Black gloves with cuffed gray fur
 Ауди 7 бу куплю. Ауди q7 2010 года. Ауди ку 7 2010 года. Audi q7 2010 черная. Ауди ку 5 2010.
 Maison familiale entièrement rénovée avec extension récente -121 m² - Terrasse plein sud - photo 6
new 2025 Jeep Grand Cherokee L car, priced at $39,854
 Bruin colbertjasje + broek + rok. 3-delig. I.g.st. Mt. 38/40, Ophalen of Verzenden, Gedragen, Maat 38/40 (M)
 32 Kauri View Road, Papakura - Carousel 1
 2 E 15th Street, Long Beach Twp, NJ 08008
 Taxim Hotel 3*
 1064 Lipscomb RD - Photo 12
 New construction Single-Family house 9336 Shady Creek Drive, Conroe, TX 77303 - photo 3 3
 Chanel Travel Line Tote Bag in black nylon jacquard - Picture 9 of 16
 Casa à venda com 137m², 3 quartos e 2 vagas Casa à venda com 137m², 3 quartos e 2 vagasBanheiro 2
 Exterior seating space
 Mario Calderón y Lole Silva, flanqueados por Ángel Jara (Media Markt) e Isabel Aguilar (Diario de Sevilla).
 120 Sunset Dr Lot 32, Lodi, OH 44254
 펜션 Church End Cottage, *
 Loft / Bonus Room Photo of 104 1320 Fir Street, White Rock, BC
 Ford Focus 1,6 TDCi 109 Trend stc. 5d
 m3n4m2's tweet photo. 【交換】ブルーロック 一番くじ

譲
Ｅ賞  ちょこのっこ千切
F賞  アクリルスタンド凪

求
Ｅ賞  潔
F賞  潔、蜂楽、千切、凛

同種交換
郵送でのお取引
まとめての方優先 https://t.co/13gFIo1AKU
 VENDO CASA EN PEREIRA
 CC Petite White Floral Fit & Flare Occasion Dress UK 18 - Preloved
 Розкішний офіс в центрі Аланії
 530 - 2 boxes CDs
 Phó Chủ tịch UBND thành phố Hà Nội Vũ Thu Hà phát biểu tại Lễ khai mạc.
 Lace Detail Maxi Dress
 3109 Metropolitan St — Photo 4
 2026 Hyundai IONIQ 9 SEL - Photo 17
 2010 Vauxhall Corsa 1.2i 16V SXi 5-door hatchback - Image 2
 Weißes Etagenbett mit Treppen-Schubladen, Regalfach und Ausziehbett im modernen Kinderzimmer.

--

| To do |
Restate word for word the entries above, starting at the line with "1064 Lipscomb RD - Photo 12" and ending at the line with "펜션 Church End Cottage, *", inclusive, and no others.

| Answer area |
 1064 Lipscomb RD - Photo 12
 New construction Single-Family house 9336 Shady Creek Drive, Conroe, TX 77303 - photo 3 3
 Chanel Travel Line Tote Bag in black nylon jacquard - Picture 9 of 16
 Casa à venda com 137m², 3 quartos e 2 vagas Casa à venda com 137m², 3 quartos e 2 vagasBanheiro 2
 Exterior seating space
 Mario Calderón y Lole Silva, flanqueados por Ángel Jara (Media Markt) e Isabel Aguilar (Diario de Sevilla).
 120 Sunset Dr Lot 32, Lodi, OH 44254
 펜션 Church End Cottage, *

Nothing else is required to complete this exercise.